第178回(2009年9月16日)

生活福祉資金貸付が大幅に改正

(田中 元=介護福祉ジャーナリスト)

 低所得者世帯に生活費などを貸し付ける生活福祉資金貸付制度が、今年10月から抜本的な改正になる。具体的には融資要件の緩和や貸付対象の改編などで、景気低迷によって貧困層が拡大する中、公的融資の側面から生活支援の強化を図ろうというものだ。生活保護の申請が急増する一方で、利用の低さが指摘されていた制度であるが、今回の改正により活発な利用が期待できるのか。また、低所得者の生活支援にどれだけの効果が目されるのか。新たな仕組みを分析してみたい。

生活保護の申請急増の一方で、貸付制度は漸減がつづく

 まずは生活福祉資金貸付制度について軽く触れておこう。

 生活福祉資金貸付制度は、1955年に制定になった「世帯更正資金貸付制度」を前身としている。1990年に融資対象世帯の所得制限を緩和するなどの一部改正とともに、現行の「生活福祉資金貸付」と名称変更された。貸付の原資は、国と都道府県からの補助金によって成り立ち、国の負担分は3分の2(一部融資枠は4分の3、事務費については2分の1)となっている。この原資は都道府県社会福祉協議会がプールする。融資希望者は市町村社会福祉協議会、もしくは地域の民生委員を通じて申請を行なう。

 貸付金利は年3%だが、修学や療養・介護等を目的とした資金の場合は無利子だ。低所得者世帯の生業を目的とした資金を例にとれば、貸付限度額は280万円で、据え置き期間は1年(災害等を受けた場合は2年に延長)となっている。消費者金融などに手を出すなど、多重債務に陥りやすい低所得者世帯にとっては、大きなセーフティネットの一つといえる。

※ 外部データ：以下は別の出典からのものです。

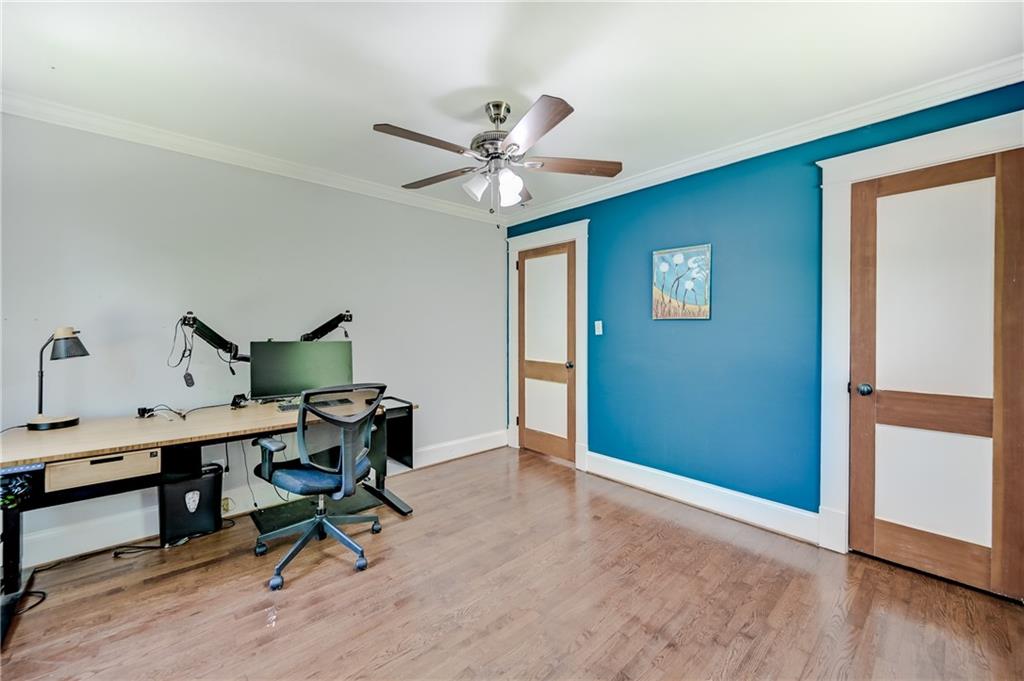 2328 Desmond Drive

 しかしながら、実際の利用は決して活発とはいえず、2008年3月末現在における貸付額は967億円で、貸付原資2065億円の半分にも満たない。利用件数も、1980年をピークに減り続けており、2007年度実績では当時の3分の1程度の約1万1200件。これは4年前と比較しても6割程度にとどまっている。